Die Vorwürfe von Tierrechts-Organisationen schmerzen Lacey vor allem deshalb, weil sie seinen Beruf gefährden. Auf öffentlichen Druck hin haben in den vergangenen Jahren viele Kommunen in Deutschland Tierhaltungsverbote beschlossen. In Städten wie Passau oder Erding dürfen Circus-Veranstalter wie die Familie Krone ihre Zelte nur noch ohne Wildtiere aufschlagen. Deshalb verteilt ein Mitarbeiter von Martin Lacey am Rande der öffentlichen Raubtierprobe Unterschriftenlisten. Für eine Petition gegen Tierhaltungsverbote in Zirkussen.
"Da kann man Unterschriften sammeln. Und wer z.B. 100 Unterschriften sammelt und uns zuschickt, der darf – wie der Junge gerade – den Beluga mit einem Stück Fleisch am Stock füttern."
Das ist der Deal: wer 100 Unterschriften bringt, darf auf Tuchfühlung mit Laceys Löwen gehen. 28.000 Unterschriften hat der Dompteur in Bayern schon gesammelt. 4000 fehlen noch für eine Eingabe an den bayerischen Landtag. Der Wahlmünchner ist zuversichtlich. Gutgeführte Circusse, fordert er, sollten in Bayern auch weiterhin wilde Tiere präsentieren dürfen.

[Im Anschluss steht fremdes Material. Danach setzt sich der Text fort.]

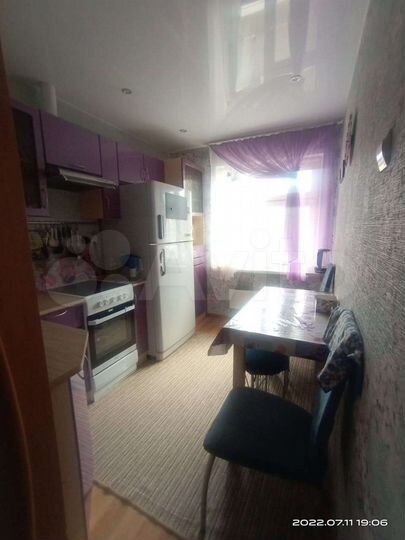 3-к. квартира, 66 м², 9/9 эт.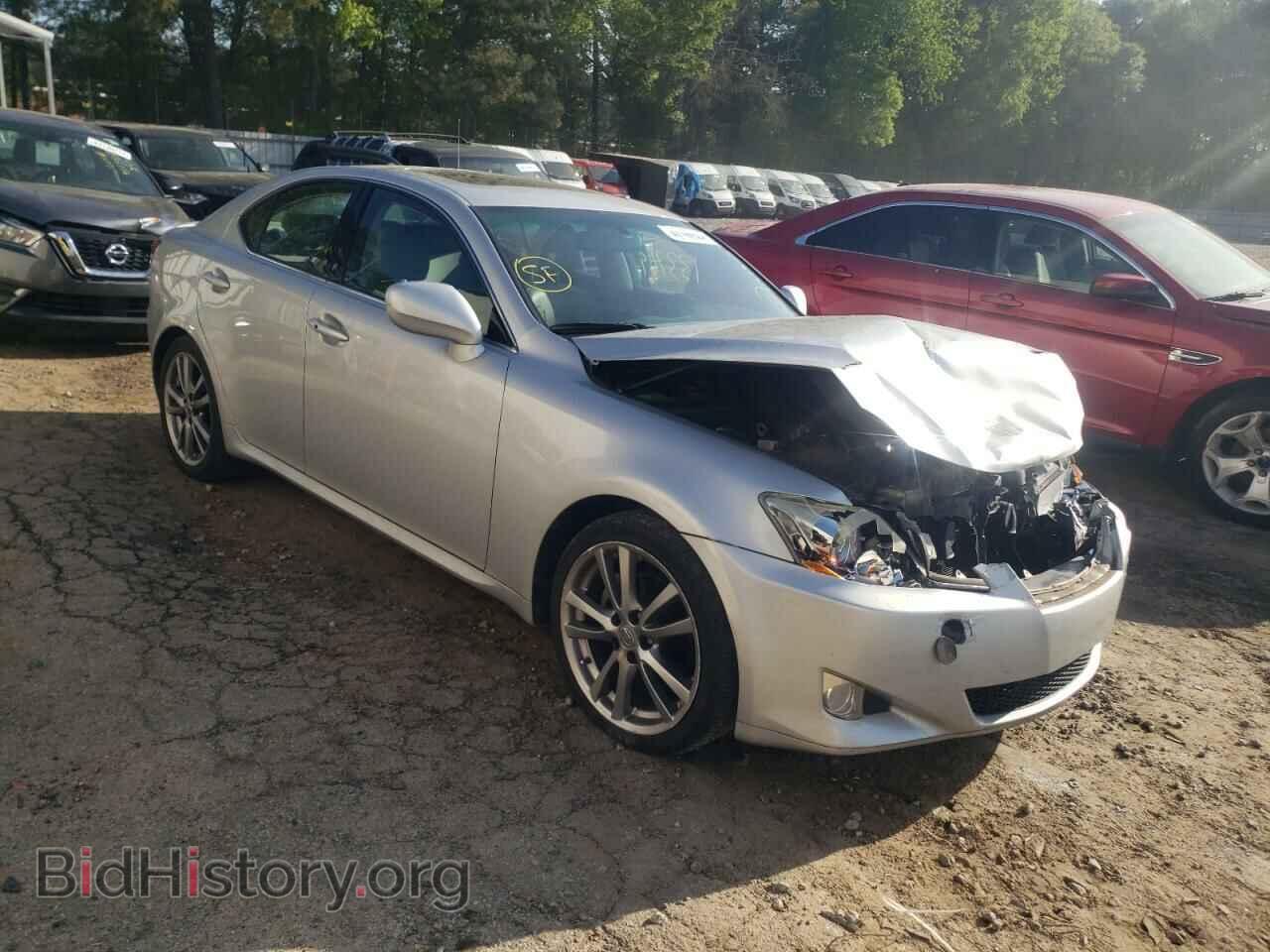 Photo JTHBK262982070330 - LEXUS IS 2008
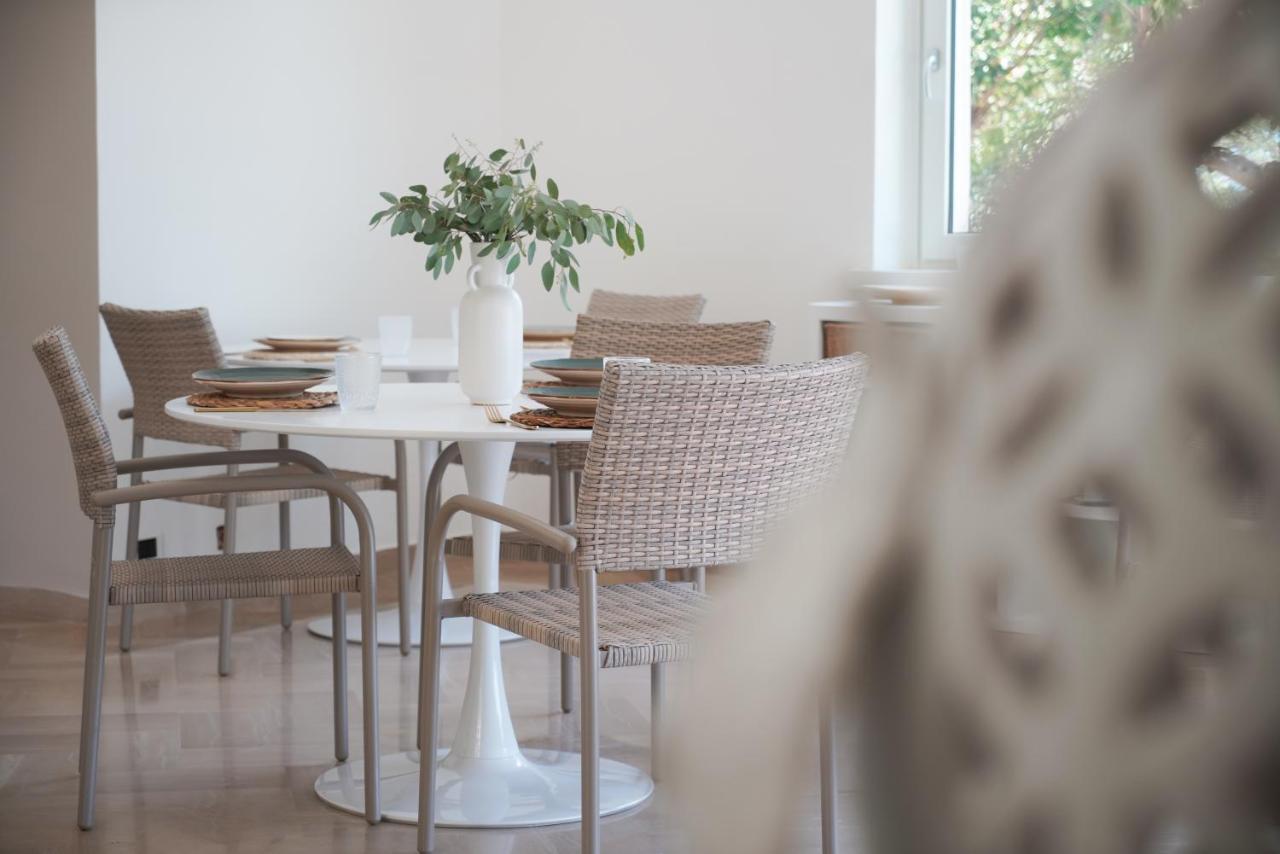 Aurelia Sea View Bed & Breakfast Torre Canne Exterior photo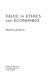 Value in ethics and economics / Elizabeth Anderson.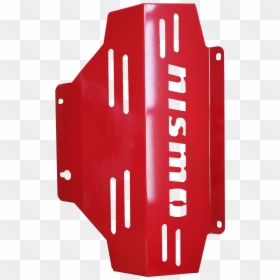 Motor Delantero De Metal Placa De Protección Para Nissan - Nismo, HD Png Download - placa de metal png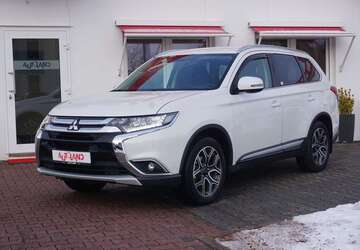 Mitsubishi Outlander 87.264 km 16.990 &euro; Halle-Nietleben 06122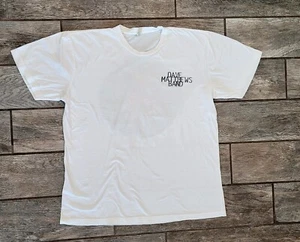 Vintage Dave Matthews Band T Shirt Men XL Could I Have Been Anyone Other Than Me - Picture 1 of 5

"Wir haben super Tierärzte, wir haben Zahnärzte, wir haben alles, was die Tiere brauchen. Ich gebe jeden Monat allein 20.000 Euro für Fleisch aus. Ich habe fünf Tierpfleger, wirklich alles."
Laceys Löwen sind längst wieder aus dem runden Käfig in der Manege in das Zaungehege hinter dem Zirkus gelaufen. Hier sind sie geboren, aufgewachsen, haben ihr ganzes Leben verbracht. Sie kennen nicht anderes. Scheinbar gelangweilt liegen sie zwischen Holzkisten, gähnen und wälzen sich im Sägemehl.